From an audio's point of view, we're doing a number of things to subtly create that necessary rhythmic stimulus.

a) We're modulating every piece of audio. It's these modulations that create a rapid rhythmic stimulus. If you listen carefully to Brain.fm, you may hear a fluttering sound. It's more obvious in some parts over others. We're using filtering techniques to target some frequency bands over others (and by frequency here, I'm now talking about the frequencies of pitch, not brainwaves, where a cello would be low and a violin would be high in frequency). Doing this, we can single out instruments, modulate parts of a nature soundscape but not others, or disguise the modulations as vibrator, tremolo, or the natural vibrations of instruments, strings or the LFOs of electronic music..

b) We align everything else in the session to the brain-frequency we're trying to hit, so there is no interference from a stray drum beat or a snapping twig. Not only is there no interference, but the entire audio "scene" is being actively used to guide your brain toward the goal state.

The 3D audio also factors into this a lot, because the mind pays attention to motion, and that helps elliminate habituation. But that's another story.

Hope this helped explain it. Completely understand if you need clarification, or an entirely new answer hah!

:)

- Adam from Brain.fm


Hi Adam, Thanks for the response.

I know it was a vague question of mine, but I didn't realise the detail you were prepared to give it. So thanks, again. I'm no expert (my background is more musical), but I do understand most these concepts and perspectives involved. To articulate better my question: Technically how are you manipulating audio and what effect does that have on brainwaves. Your answer, understandably, was more contextual than specific. so let me specify the parts I am hoping to understand.

How do you manipulate audio?

I am in right in understanding your disguising a basic and specific pulse throughout the music. or... are you modulating it rhythmically (very slightly) out of phase with the rest of the music. If you are only applying it to certain frequencies then it seems you may be creating binaural beat like tendencies in the ears abillity to create implicit tones (Hidden frequencies, not physically present).

What effect does this have on brainwaves?

You stated in general you are matching rhythms to that of the brain. Can you expound this? What theory of Rhythmic psychological organissation are you purporting/ascribing to? how is your audio intereacting with this model? What is the effect of your audio on the model?

I understand you may have a whole toolbox of tricks going on here and that you don't want to give away your product entirely. Feel free to gloss over introducing technical terms, though its helpful for all reading, I think most people here can quickly come upto speed on stuff. I'm not asking you for the secrets of your product - just more specifics on how it relates to the research you are citing.

Thanks for the article link, it looks very interesting reading.

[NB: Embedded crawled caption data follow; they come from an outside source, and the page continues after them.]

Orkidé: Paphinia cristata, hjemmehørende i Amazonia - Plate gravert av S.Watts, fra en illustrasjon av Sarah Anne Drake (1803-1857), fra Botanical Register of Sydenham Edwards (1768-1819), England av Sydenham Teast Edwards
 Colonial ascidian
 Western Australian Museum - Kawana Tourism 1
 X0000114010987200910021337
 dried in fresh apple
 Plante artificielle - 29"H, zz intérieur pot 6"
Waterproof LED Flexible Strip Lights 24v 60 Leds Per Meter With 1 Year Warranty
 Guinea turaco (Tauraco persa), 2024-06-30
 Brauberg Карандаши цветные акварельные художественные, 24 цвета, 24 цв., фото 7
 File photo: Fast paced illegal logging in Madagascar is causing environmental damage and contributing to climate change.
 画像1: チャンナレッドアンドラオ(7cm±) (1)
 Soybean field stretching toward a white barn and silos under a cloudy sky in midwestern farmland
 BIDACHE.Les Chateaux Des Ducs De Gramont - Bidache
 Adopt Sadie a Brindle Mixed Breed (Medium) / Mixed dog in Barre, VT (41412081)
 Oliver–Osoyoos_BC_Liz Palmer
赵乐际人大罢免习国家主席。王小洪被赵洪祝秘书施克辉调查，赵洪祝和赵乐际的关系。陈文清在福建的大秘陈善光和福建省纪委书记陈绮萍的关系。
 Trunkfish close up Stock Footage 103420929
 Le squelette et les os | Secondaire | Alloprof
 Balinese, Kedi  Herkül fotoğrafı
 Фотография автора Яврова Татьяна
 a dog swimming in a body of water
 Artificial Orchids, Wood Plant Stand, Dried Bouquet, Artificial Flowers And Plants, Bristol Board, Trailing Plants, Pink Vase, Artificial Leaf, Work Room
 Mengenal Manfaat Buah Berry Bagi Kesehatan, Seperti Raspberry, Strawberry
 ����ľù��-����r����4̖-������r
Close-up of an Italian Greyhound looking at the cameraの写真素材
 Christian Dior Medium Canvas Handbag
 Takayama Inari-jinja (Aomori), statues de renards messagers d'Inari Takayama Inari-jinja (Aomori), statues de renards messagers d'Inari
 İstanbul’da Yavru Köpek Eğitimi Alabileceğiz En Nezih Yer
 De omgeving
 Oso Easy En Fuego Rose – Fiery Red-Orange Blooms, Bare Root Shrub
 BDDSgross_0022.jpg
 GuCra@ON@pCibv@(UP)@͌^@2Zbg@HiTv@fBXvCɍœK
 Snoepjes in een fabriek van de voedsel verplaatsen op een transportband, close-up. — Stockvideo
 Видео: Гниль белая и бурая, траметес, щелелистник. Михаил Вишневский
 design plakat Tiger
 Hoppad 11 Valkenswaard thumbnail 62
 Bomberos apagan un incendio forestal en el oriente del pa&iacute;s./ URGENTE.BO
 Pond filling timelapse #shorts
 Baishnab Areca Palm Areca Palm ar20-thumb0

A couple of reflections on your product: I personally don't like the music and therefore can't listen to it. It doesn't sound human to me and therefore my brain rejects it. Have you heard of the theory of "participatory discrepancy" (Keil C. and Feld, S. (1994). It highlights the value of discrepencies (randomness) rhythm for creating groove. I think cognitivly there is a similar principle at play (perhaps you know it, I can't find reference to it right now - will dig it out if this area interests you). I also feel, on the website, that the lack of actual specifics twinned with a large scholary general body of work, is ultimately devaluing your product. Though that may, quite rightly, be your choice in promotion, to engage me a couple of pages about whats actually going, twinned with a couple of very specifc to your model studies, would make me give this product real integrity and longterm value. For example Stober's powerpoint on the MIIR EEG dataset here (http://bib.sebastianstober.de/2015-01-31_NEMISIG.pdf - illustrates complex concepts that your describing, very simply. Incidentally I think lifetime subcriptions after a long trial period would probably have the most chance of getting my support.